So the equivalent to your personal portfolio when making investments aren't your personal donations, but the aggregate donations of everyone. And since you aren't the only one making donations the donations are already diversified, so you are free to pick something underrepresented with high yield (which will almost certainly still be underrepresented afterwards). If you manage 0.1% of a $ 10,000,000 portfolio with 90% in government bonds it makes no sense to invest any of that 0.1% in government bonds in the name of diversification.
Makes sense, but it seems to me that if there are many underrepresented high yield charities, you should still diversify among them.
Why would charities behave any differently than profit-making assets? Do you think that charities have less uncertainties?

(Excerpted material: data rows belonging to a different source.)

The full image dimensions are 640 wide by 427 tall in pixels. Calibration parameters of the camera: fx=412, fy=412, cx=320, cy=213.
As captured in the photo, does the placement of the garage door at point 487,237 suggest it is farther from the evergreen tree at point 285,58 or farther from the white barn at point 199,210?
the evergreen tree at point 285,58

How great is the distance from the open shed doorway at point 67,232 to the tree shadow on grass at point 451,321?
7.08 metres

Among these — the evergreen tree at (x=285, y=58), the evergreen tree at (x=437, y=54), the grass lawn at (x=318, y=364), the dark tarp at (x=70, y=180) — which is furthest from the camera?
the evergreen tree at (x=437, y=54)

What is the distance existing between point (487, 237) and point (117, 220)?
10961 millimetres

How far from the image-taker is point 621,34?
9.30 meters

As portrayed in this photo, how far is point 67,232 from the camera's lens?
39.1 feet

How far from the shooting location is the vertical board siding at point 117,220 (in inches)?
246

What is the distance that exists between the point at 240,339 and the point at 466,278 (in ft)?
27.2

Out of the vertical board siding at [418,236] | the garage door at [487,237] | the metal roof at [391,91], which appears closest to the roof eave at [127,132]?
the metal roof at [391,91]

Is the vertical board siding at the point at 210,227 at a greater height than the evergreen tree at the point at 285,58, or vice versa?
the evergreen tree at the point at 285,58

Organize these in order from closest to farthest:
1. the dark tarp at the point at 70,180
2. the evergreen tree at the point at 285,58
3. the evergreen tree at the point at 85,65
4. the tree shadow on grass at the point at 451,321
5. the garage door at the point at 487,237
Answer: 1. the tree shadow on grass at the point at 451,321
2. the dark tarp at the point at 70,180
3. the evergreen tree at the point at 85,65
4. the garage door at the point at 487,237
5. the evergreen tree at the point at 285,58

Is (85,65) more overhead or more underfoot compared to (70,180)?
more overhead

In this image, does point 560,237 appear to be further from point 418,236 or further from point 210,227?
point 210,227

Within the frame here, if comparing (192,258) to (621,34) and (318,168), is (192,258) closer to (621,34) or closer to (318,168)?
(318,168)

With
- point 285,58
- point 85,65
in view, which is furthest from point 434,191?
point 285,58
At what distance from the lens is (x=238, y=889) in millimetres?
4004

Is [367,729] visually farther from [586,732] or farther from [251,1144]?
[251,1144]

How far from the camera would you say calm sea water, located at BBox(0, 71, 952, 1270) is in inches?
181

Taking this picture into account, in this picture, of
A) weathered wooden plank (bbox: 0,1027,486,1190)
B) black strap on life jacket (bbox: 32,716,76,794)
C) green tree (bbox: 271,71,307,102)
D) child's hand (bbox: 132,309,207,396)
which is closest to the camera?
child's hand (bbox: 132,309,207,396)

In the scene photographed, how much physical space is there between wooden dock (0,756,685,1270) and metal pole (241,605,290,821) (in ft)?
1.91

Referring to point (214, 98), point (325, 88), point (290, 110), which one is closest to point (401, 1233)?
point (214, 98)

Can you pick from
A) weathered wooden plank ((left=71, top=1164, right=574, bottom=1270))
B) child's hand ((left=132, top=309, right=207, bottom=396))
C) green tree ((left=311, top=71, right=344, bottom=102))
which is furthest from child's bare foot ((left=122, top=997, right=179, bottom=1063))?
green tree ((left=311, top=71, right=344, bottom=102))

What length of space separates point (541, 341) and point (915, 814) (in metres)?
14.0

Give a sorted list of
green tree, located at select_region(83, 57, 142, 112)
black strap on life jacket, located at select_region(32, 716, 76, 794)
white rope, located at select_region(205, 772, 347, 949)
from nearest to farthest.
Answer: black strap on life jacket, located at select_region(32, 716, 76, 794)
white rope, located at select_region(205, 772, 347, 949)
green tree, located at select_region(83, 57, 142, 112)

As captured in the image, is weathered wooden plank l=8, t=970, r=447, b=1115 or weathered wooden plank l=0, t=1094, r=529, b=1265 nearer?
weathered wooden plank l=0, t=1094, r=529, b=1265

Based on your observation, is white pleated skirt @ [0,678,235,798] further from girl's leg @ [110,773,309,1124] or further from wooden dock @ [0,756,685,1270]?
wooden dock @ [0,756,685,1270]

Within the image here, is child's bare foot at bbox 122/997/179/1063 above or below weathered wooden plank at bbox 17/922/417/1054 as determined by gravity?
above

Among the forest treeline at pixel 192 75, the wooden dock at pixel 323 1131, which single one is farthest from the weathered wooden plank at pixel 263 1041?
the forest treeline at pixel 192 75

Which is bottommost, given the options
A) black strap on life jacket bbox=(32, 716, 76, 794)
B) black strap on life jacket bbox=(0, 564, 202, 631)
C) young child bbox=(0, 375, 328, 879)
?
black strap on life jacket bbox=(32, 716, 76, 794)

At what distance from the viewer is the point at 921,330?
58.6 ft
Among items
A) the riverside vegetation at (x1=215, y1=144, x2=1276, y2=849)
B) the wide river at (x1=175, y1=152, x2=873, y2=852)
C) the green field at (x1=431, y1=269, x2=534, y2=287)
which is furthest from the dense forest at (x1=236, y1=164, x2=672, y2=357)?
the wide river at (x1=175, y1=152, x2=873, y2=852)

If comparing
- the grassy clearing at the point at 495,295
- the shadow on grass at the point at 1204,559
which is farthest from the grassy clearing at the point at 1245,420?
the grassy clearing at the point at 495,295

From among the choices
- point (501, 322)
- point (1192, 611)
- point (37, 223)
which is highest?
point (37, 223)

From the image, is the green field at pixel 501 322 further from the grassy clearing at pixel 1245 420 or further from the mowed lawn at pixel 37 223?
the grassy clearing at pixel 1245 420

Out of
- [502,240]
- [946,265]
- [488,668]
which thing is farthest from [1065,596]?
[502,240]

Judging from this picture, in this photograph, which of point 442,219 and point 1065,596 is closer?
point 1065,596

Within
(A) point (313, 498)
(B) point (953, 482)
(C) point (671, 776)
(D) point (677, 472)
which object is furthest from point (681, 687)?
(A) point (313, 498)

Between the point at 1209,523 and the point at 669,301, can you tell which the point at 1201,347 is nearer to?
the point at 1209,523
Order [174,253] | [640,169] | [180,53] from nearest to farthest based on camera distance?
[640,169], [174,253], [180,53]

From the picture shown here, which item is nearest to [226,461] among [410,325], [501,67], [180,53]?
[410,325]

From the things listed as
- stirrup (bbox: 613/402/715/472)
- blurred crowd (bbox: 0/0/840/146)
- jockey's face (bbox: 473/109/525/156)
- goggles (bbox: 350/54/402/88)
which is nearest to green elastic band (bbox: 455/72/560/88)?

The confusion concerns whose risk is relevant. When you invest in stocks, you want to minimize the risk to your assets. So, you will diversify your holdings.
When you contribute to charities, if rational you should (with the caveats others have mentioned) minimize the risk that a failing charity will prove crucial, not the risk that your individual contribution will be wasted. If you take a broad, utilitarian overview, you incorporate the need for diversified charities in your utility judgment. If charity a and b are equally likely to pay off but charity a is a lot smaller and should receive more contributions to avoid risk to whatever cause, then you take that into account at the time of deciding on a and b, leading you to contribute everything to a for the sake of diversification. (It's this dialectical twist that confuses people.)
If your contribution is large enough relative to the distinctions between charities, then diversification makes sense but only because your contribution is sufficient to tip the objective balance concerning the desirable total contributions to the charities.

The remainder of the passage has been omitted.